Many states allow a landlord to absolutely prohibit assignments and subleases. In some states such as California, the basis is statutory. See California Civil Code Section 1995.230. In Oregon, the Oregon Supreme Court in Pacific First Bank v. New Morgan Park Corp. upheld the ability of a landlord to absolutely withhold the landlord’s consent to a proposed assignment or sublease.

If the lease is silent as to whether the landlord’s right to withhold the landlord’s consent to a proposed assignment or sublease is absolute or conditional, the landlord’s implied covenant of good faith will prohibit the landlord from unreasonably withholding the landlord’s consent in most states. See Pacific First Bank v. New Morgan Park Corp. (Oregon Supreme Court). California reaches the same result by way of California Civil Code Section 1995.260. However, under a recent Court of Appeals case in Washington, a landlord has no implied duty to act in good faith in deciding whether to approve an assignment of a lease when the lease simply provides that an assignment requires the landlord’s consent. See Johnson v. Yousoofian.

Where a landlord agrees not to unreasonably withhold the landlord’s consent to a proposed assignment or sublease, the landlord will often include in the lease a number of circumstances in which it is reasonable for the landlord to withhold the landlord’s consent.

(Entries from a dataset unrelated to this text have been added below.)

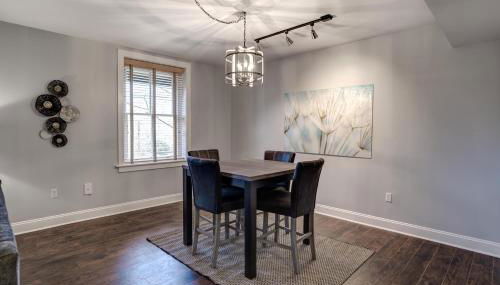 8 Village Lane 200 - Foto 3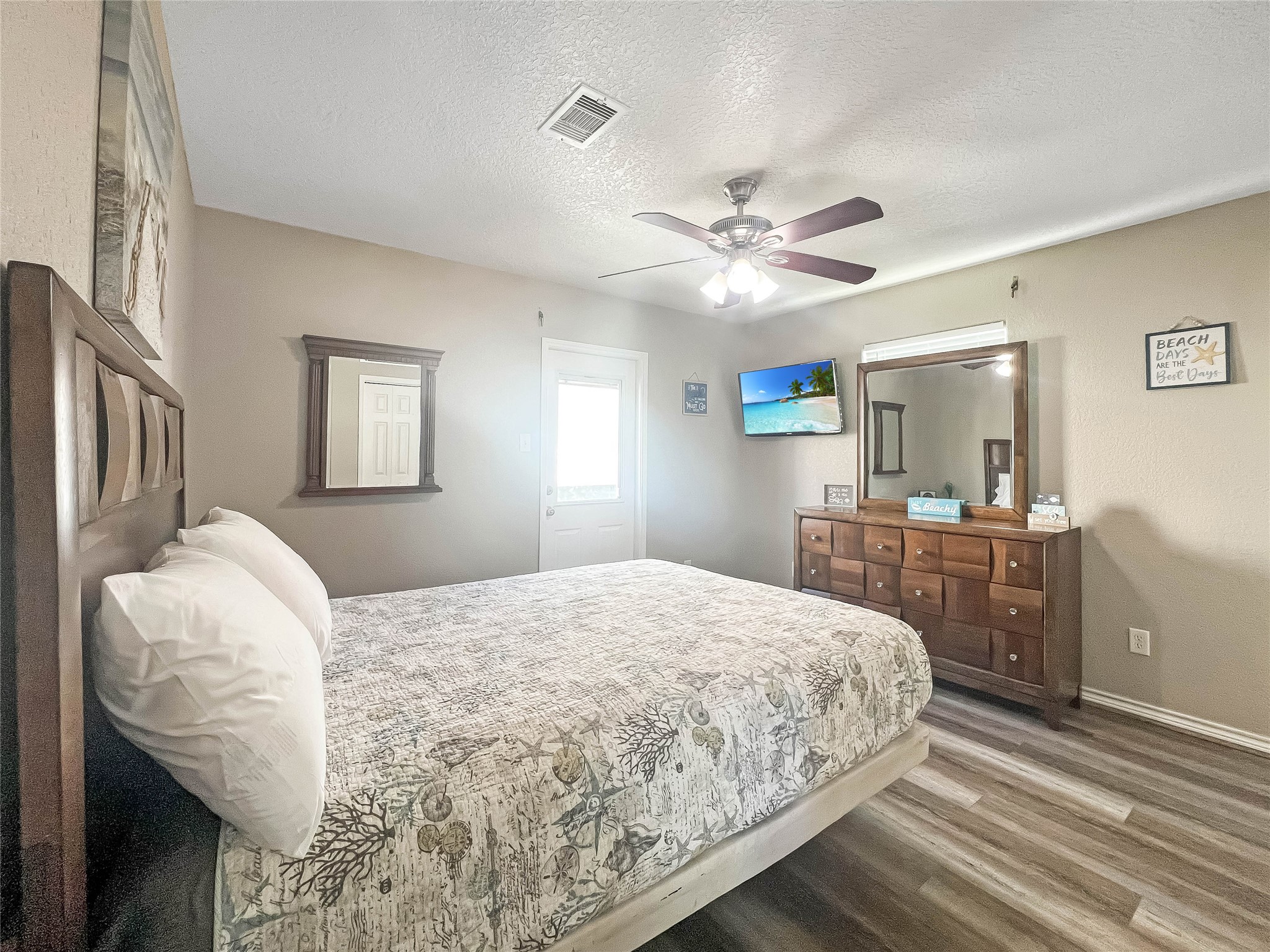 81 Santar Loop Property Photo 15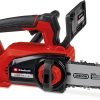 Einhell Professional Einhand-Akku-Kettensäge FORTEXXA 18/20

These circumstances include:

  1. the transferee’s financial condition is inadequate;
  2. the transferee’s proposed use is different than the tenant’s use;
  3. the nature of the proposed use may result in: (i) an increase in insurance premiums, (ii) an increased risk with respect to the use or release of hazardous materials in the building or project, (iii) increased likelihood of damage or destruction, (iv) increased density or pedestrian traffic through the building or project, or (v) the installation of new tenant improvements which are incompatible with existing building system components;
  4. the transferee has a bad reputation;
  5. the expected percentage rent for the transferee’s business is less than that of the tenant;
  6. the transferee’s proposed use may violate or create a potential violation of an applicable law;
  7. the transferee’s proposed use may create traffic congestion or burden existing parking;
  8. the transferee is a labor union, foreign or domestic governmental entity, public utility or tax-exempt organization;
  9. the transferee is an existing occupant of the building or project, or a person or entity the landlord has dealt with previously with respect to leasing space in the building or project;
  10. in the case of a sublease, the monthly rental and other economic concessions result in the effective rent being less than the monthly rent landlord is asking for similar space in the building or project;
  11. any ground lessor or lender whose consent is required fails to consent;
  12. the tenant is in default at the time of the sublease or assignment request;
  13. in the case of a sublease, the proposed subletting would result in more than a specified number of subleases of portions of the premises being in effect at any one time or more than a specified number of subleases during the term of the lease.
  14. Tenant’s Remedies for Withholding Consent. Since a landlord’s decision to withhold consent is a subjective one, many landlords prohibit a tenant from obtaining damages based upon any assertion that the landlord unreasonably withheld or delayed its consent to a proposed assignment or sublease, thus limiting the tenant’s remedy to injunctive relief.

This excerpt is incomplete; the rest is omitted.